In my heart, I was a feminist when feminism was a dirty word. I strove to raise my daughters to be strong, independent women, fearless women who would take on the world without fear. I wanted them to be all they wanted to be and live life without regrets. But I didn’t know how to be truly independent – that independence was finding myself, being true to myself, being confident in myself, loving myself. I only knew that I wanted more for them, as women, than I had.
The focus of my daughter’s recent blog was social justice and the power that we have to effect action and change. I have spent the better portion of my life, and am still very active, in the pursuit of social justice and change. But, I believe, with every fibre of my being, that we cannot effectively advocate for others unless the true spirit of feminism burns within us. I believe a feminist is a Goddess and a Warrior.

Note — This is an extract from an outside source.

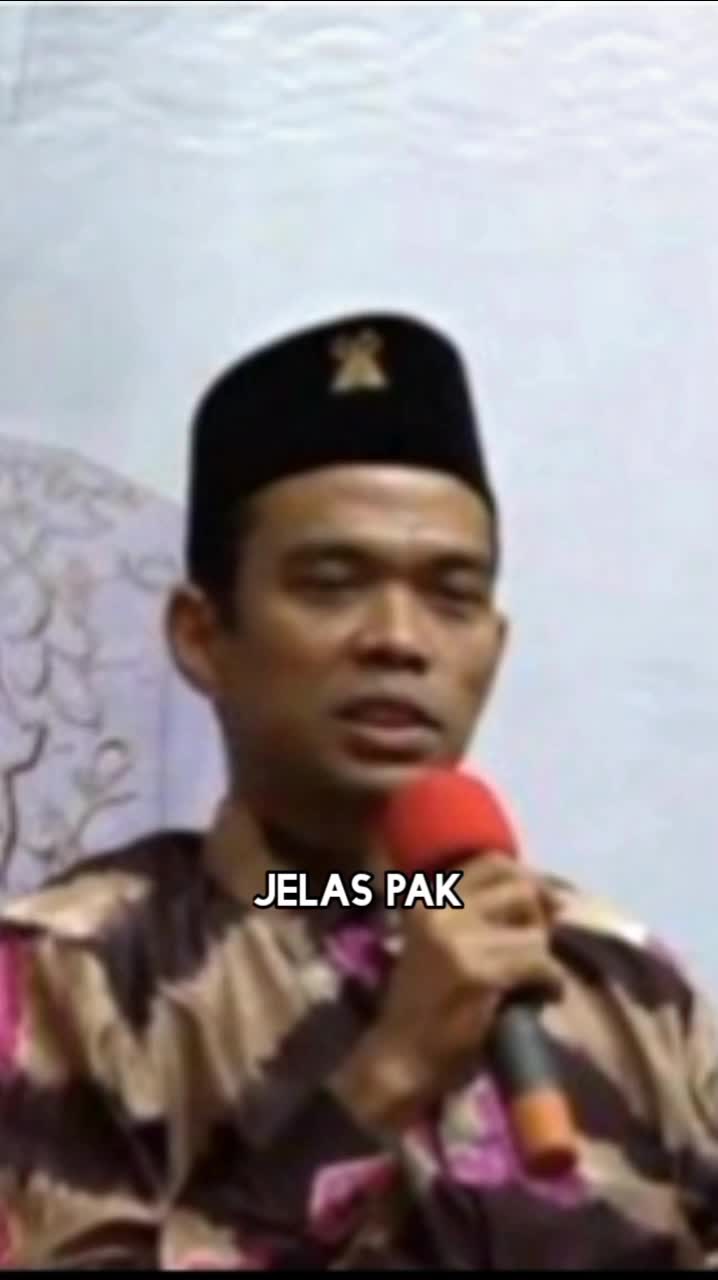 anak santri pada ketawa kayak paham aja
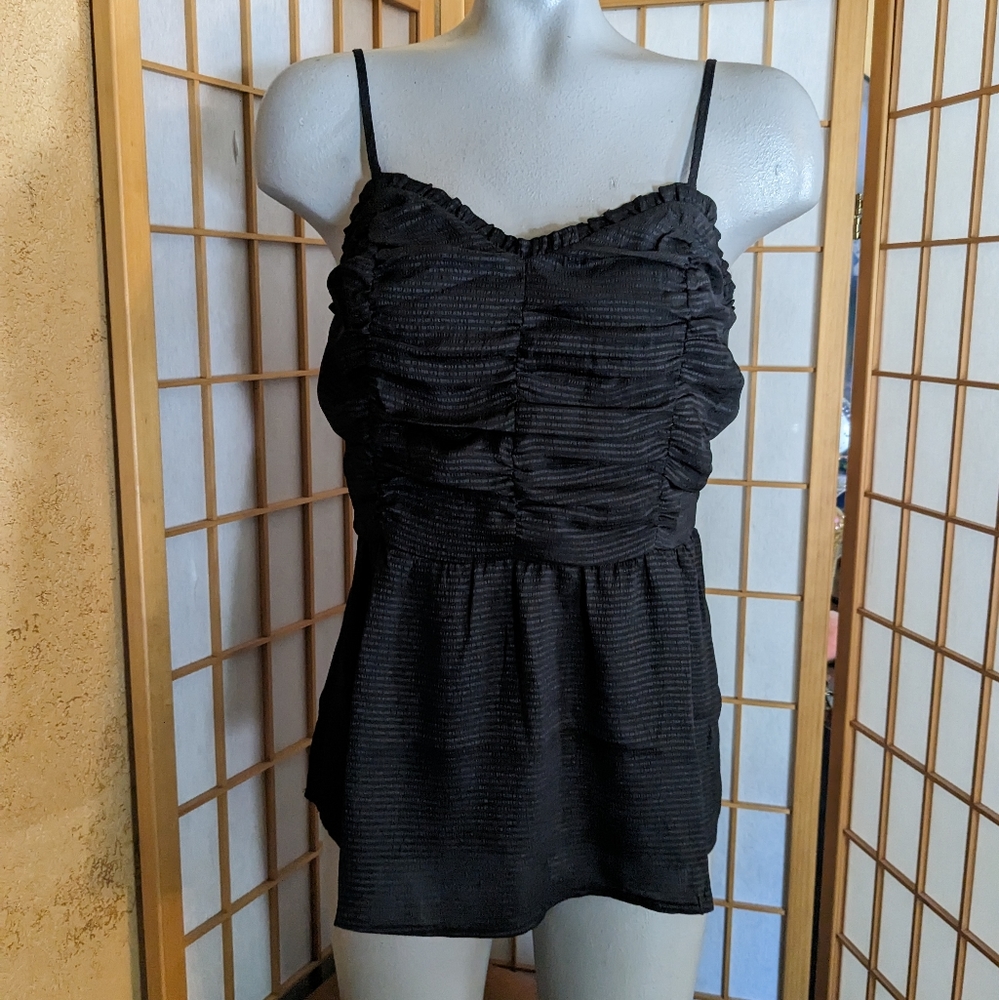 Maurice's cami style tank top, med, NEW with tags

As I have already stated, I have spent a major portion of my life advocating for those marginalized members of our society, but, in retrospect, I was not coming from a point of inner strength and confidence – I was doing it because I felt a moral obligation to help those less fortunate than myself. Helping others filled a void in my life and helped me justify my existence.
I am not saying that activism for self-serving purposes negates the accomplishments. I am saying, for me, being a feminist is not feeling the need to justify your place in this world. Being a Goddess and a Warrior means moving through this world with compassion, with courage, and great love for yourself and your fellow (wo)man.
Justice will surely follow.
My journey, over the past sixty-seven years, has been challenging and the flame, for most of those years, has been weak, but now it burns brightly and today I am a Goddess and a Warrior.